6. Auditing and Monitoring with AWS CloudTrail and GuardDuty
Continuous monitoring is a cornerstone of Zero Trust. I used the following AWS services for real-time monitoring and auditing:
- AWS CloudTrail: Logged every API call to detect unauthorized access or suspicious activity.
- Amazon GuardDuty: Continuously monitored for threats by analyzing CloudTrail logs, VPC Flow Logs, and DNS logs.
Conclusion
Securing modern cloud environments requires a proactive approach, and Zero Trust has been at the core of my security strategy for EdwinMolina.me. By leveraging AWS IAM, VPC segmentation, AWS WAF, GuardDuty, and AWS Organizations with a multi-account structure, I have successfully implemented a scalable, secure, and resilient cloud architecture.

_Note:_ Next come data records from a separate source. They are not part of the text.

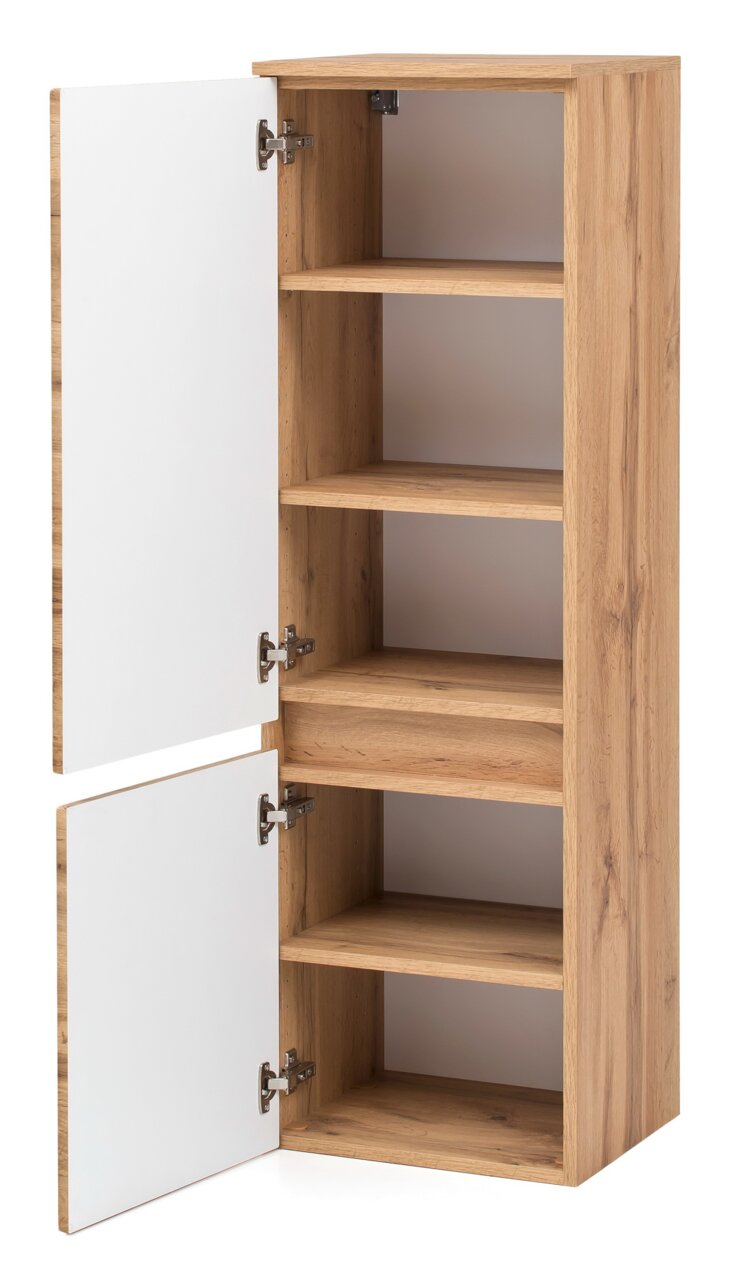 Offener Midischrank aus Holz mit weißen Türen, seitliche Perspektive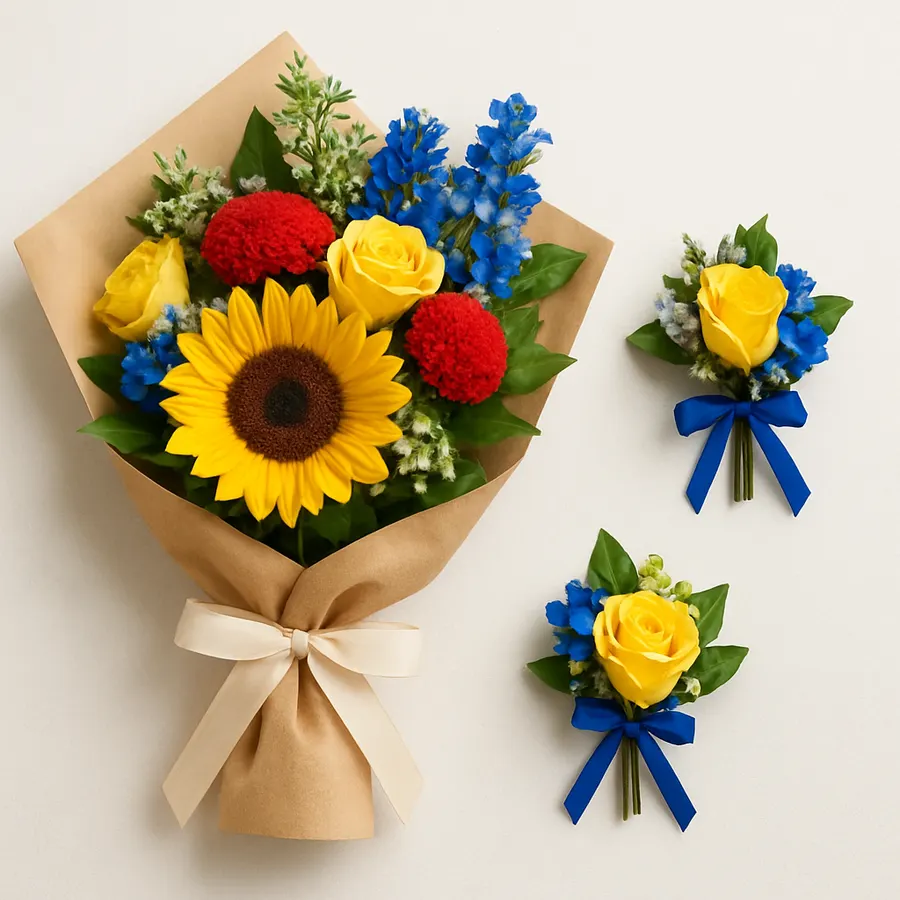 Colorful graduation bouquet and corsage in school colors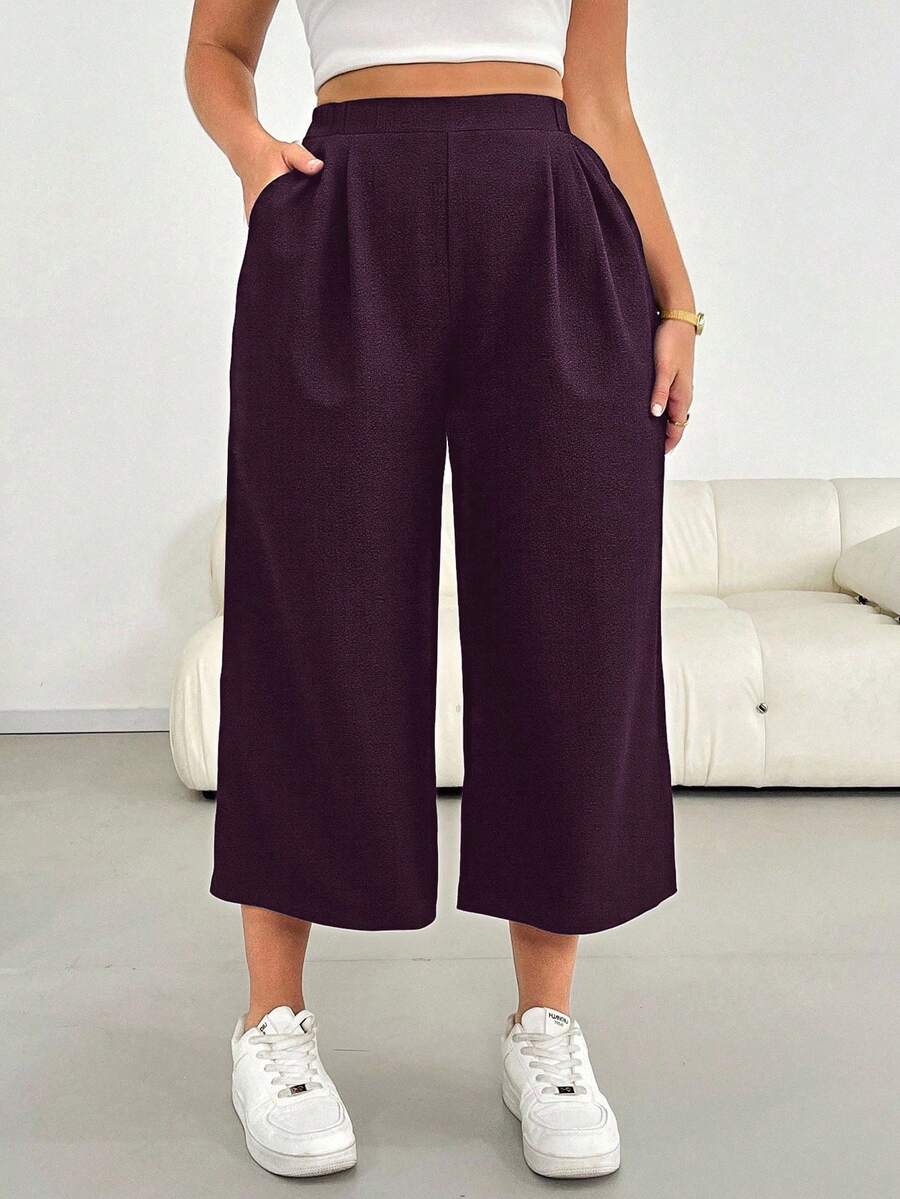 SHEIN Essnce Quần ống rộng dáng lửng, thoải mái, thoáng khí, màu đen, chất liệu vải có họa tiết, cạp chun, thích hợp mặc đi làm, đi sân bay cho nữ, phù hợp cho mùa xuân và hè. - Màu tím - Xem 1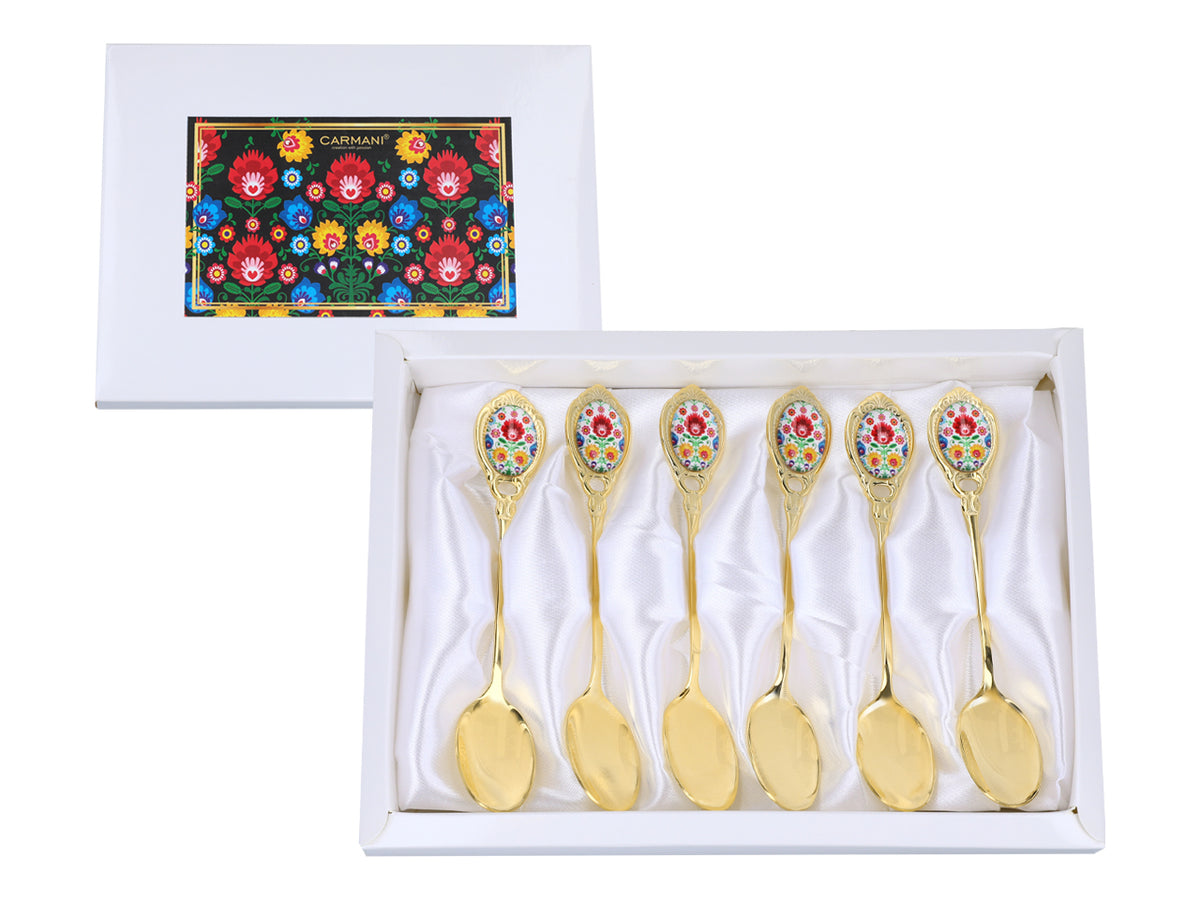 Set mit 6 Löffelchen, mit 24K Gold beschichtete Löffelchen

Using AWS Organizations, I structured multiple accounts to enhance security, improve resource isolation, and enforce strict policies across development, production, security, and audit environments. This approach ensures better access control, centralized logging, and security governance, preventing unauthorized access and limiting the blast radius of potential threats.
This project demonstrates my ability to design and implement robust security controls, apply industry best practices such as Zero Trust and least privilege access, and leverage AWS security services to mitigate risks in real time. As I continue expanding my expertise, I look forward to bringing my security-first mindset to a team where I can contribute to protecting critical assets, detecting threats, and enhancing cloud security.